→ Task instructions
Once the pictures are removed, output the remaining entries exactly as given.

→ Dataset entries
....

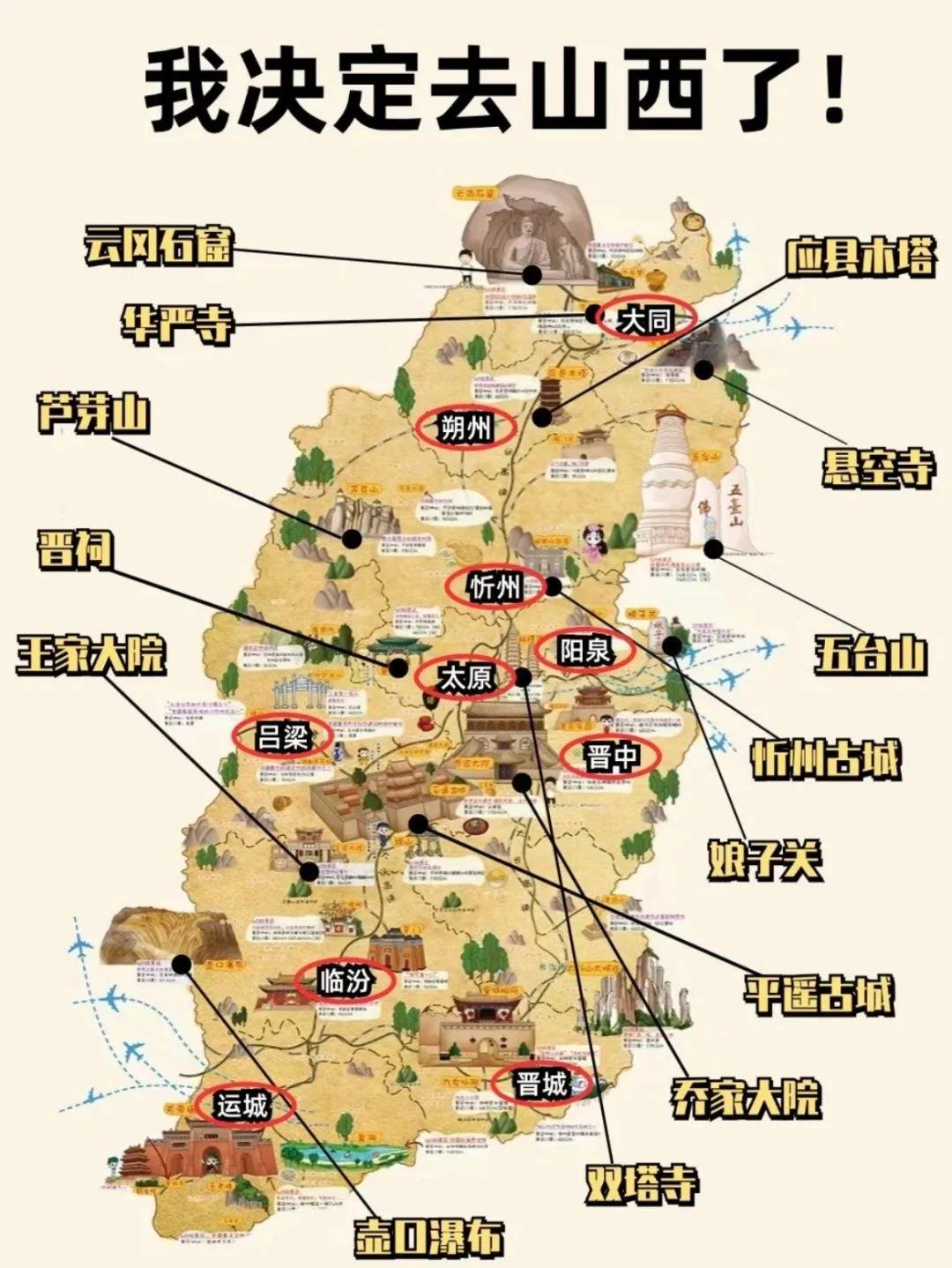 五一去山西大同五天四晚跟团游需要多少钱去大同旅游5天多少钱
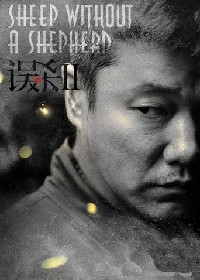 误杀2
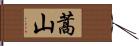 蒿山 Hand Scroll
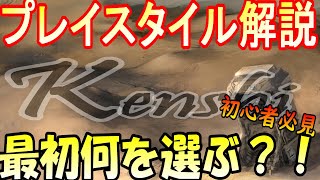 【Kenshi初心者解説】基本プレイスタイル解説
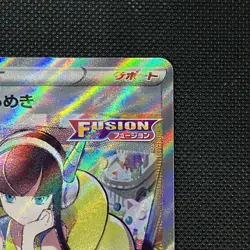 Pokemon Card Elesa's Sparkle 246/172 SR VSTAR S12a Japanese Universe, Mint - Image 3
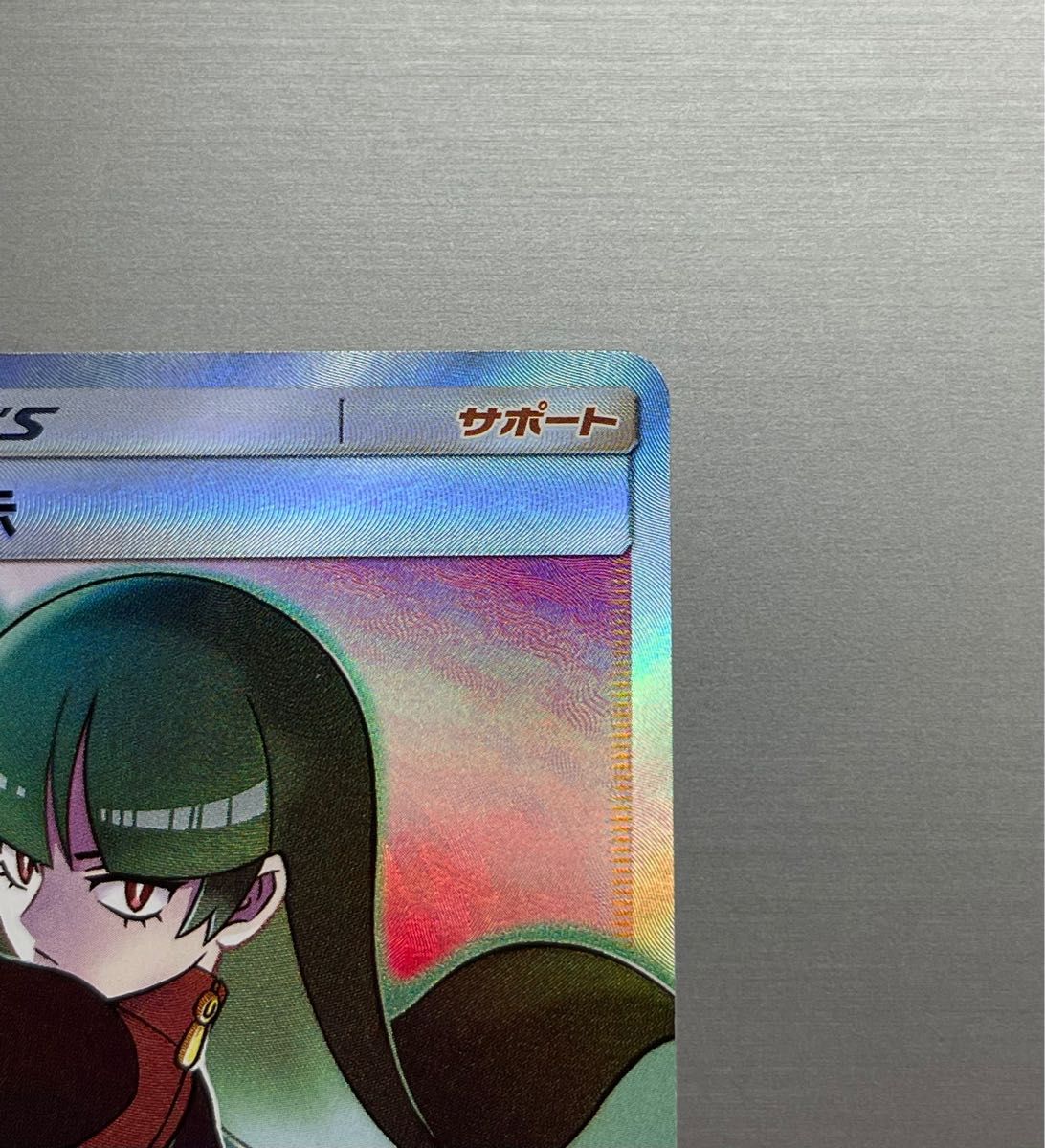 【現在高騰中!】ナツメの暗示 SR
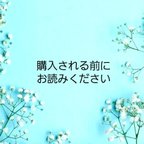 作品❁購入される前にお読みください❁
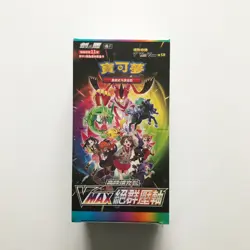 New Sealed Pokemon s8b F Vmax Climax Booster Box Traditional Chinese - Image 1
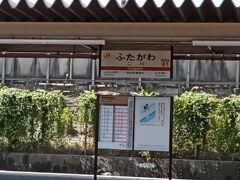 二川駅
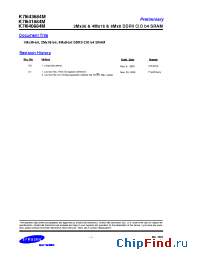 Datasheet K7I641884M-FC20 manufacturer Samsung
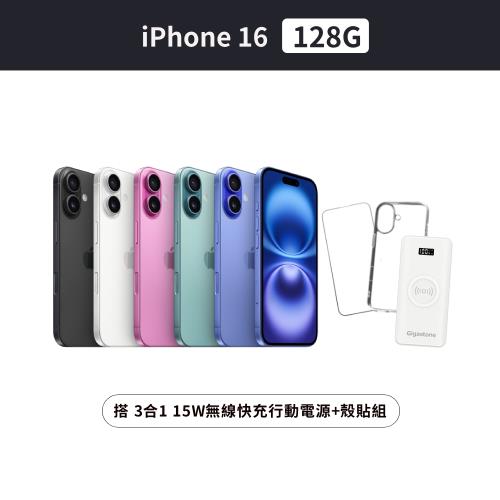 Apple iPhone 16 128G 搭 3合1 15W無線快充行動電源+殼貼組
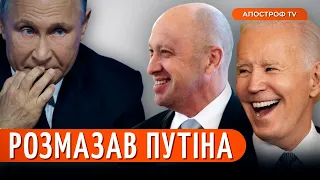 🔥 КРЕМЛЬ СЛАБКИЙ як ніколи: у США задоволені бунтом Пригожина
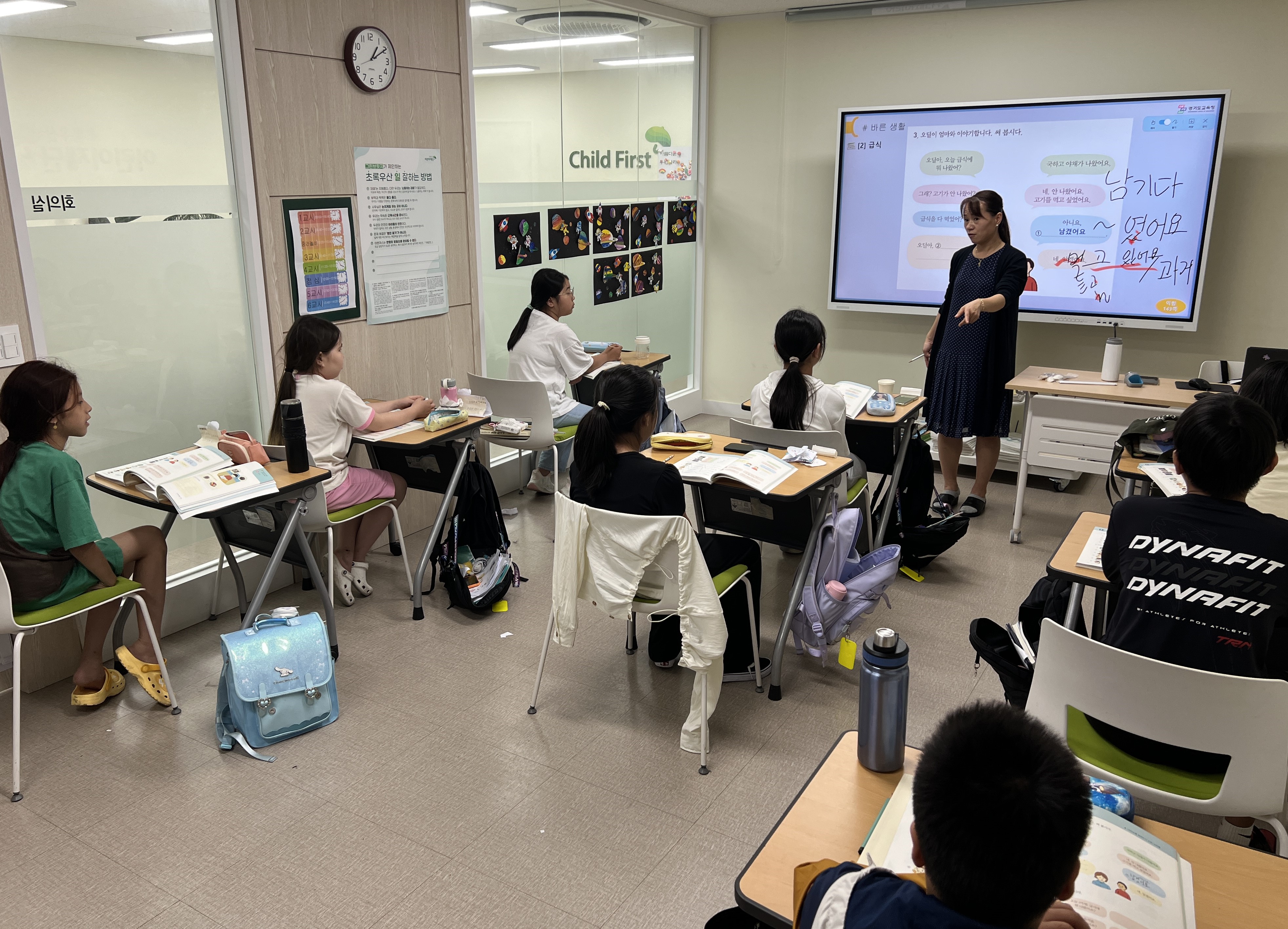 경기한국어랭기지스쿨, 31개 지역 전면 확대  다문화학생 한국어 집중교육 어디서나 이루어져5 이미지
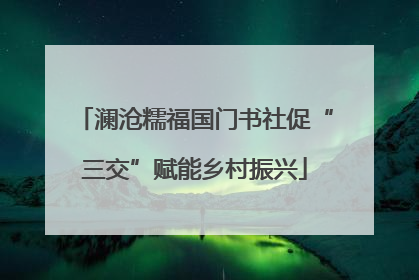 澜沧糯福国门书社促“三交”赋能乡村振兴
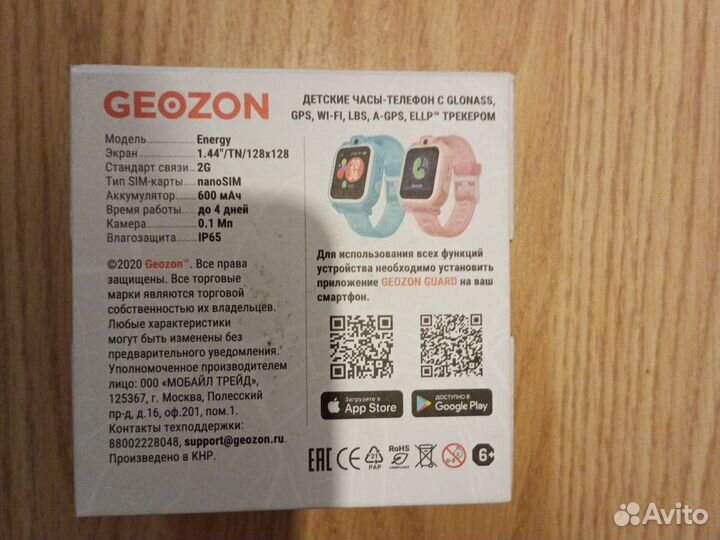 Детские часы с gps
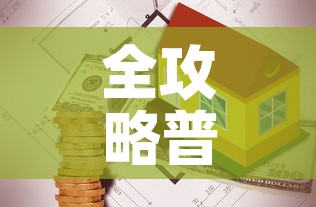 全攻略普及“有没有炸 金花房卡买”房卡使用教程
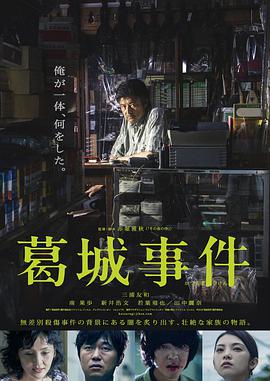 海报背景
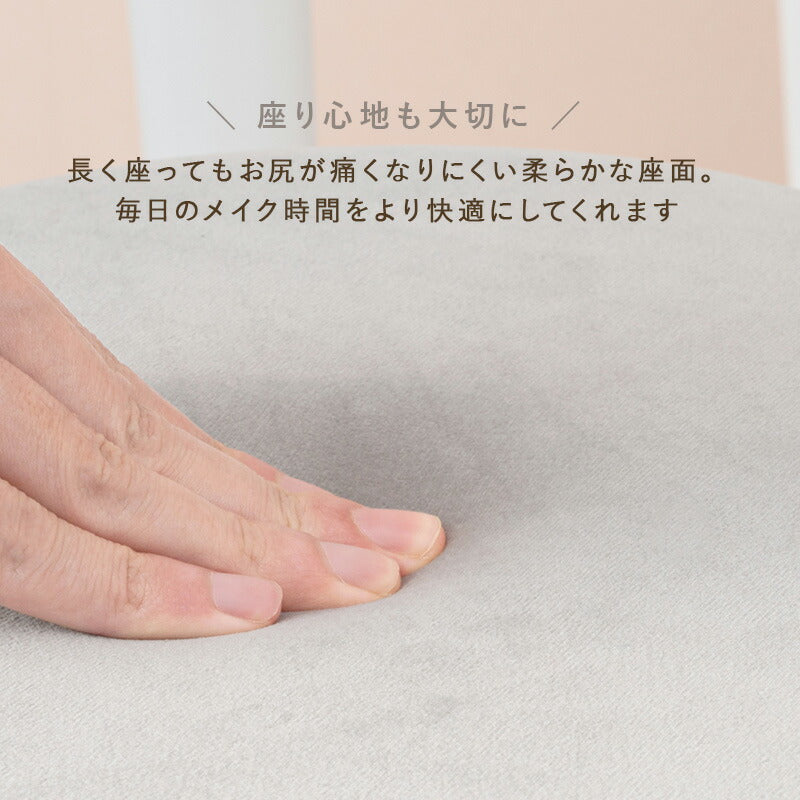 ドレッサー-MD-2口コンセント 50×44.5×100cm 送料無料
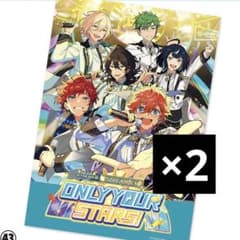 あんスタ ESストア ポスター 特典 紅月 Crazy:B 2枚 - メルカリ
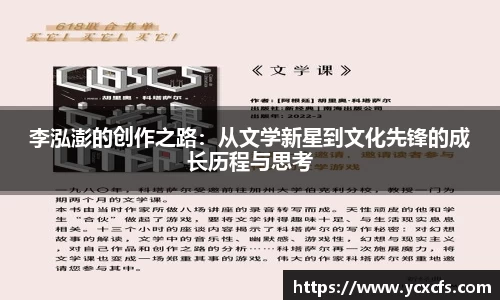 多宝电竞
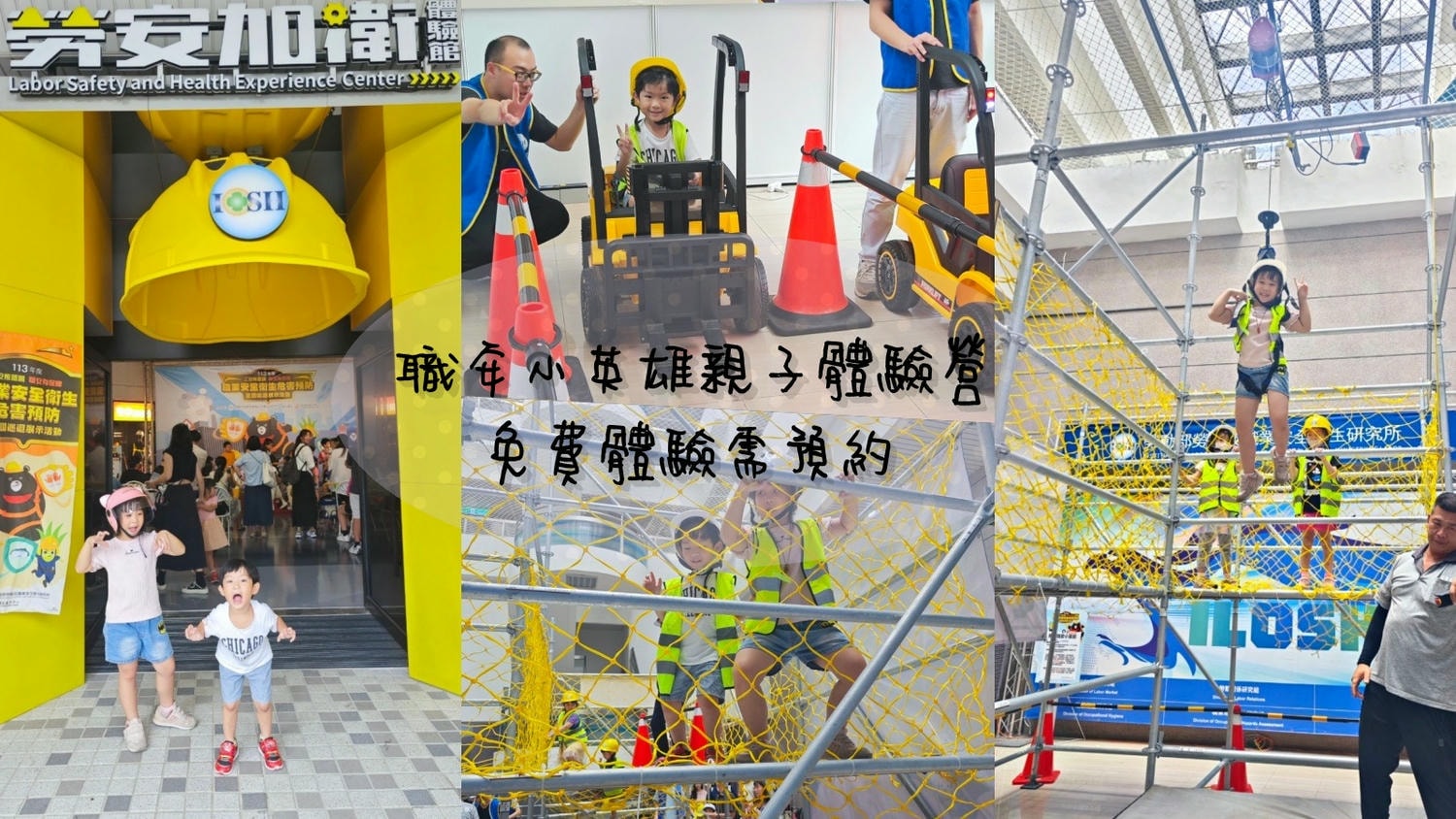 2024職安小英雄親子體驗營 戴上安全帽變身小小職安員!! - 第1張圖 職安小英雄親子體驗營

....

→ Answer for this exercise
 五一去山西大同五天四晚跟团游需要多少钱去大同旅游5天多少钱
 误杀2
 蒿山 Hand Scroll
 【Kenshi初心者解説】基本プレイスタイル解説
 Pokemon Card Elesa's Sparkle 246/172 SR VSTAR S12a Japanese Universe, Mint - Image 3
 【現在高騰中!】ナツメの暗示 SR
 作品❁購入される前にお読みください❁
 New Sealed Pokemon s8b F Vmax Climax Booster Box Traditional Chinese - Image 1
 二川駅
 Datasheet K7I641884M-FC20 manufacturer Samsung
 Apple iPhone 16 128G 搭 3合1 15W無線快充行動電源+殼貼組
 🔥 КРЕМЛЬ СЛАБКИЙ як ніколи: у США задоволені бунтом Пригожина
 경기한국어랭기지스쿨, 31개 지역 전면 확대  다문화학생 한국어 집중교육 어디서나 이루어져5 이미지
 澜沧糯福国门书社促“三交”赋能乡村振兴
 Детские часы с gps
 全攻略普及“有没有炸 金花房卡买”房卡使用教程
 海报背景
 ドレッサー-MD-2口コンセント 50×44.5×100cm 送料無料
 あんスタ ESストア ポスター 特典 紅月 Crazy:B 2枚 - メルカリ
 多宝电竞
 2024職安小英雄親子體驗營 戴上安全帽變身小小職安員!! - 第1張圖 職安小英雄親子體驗營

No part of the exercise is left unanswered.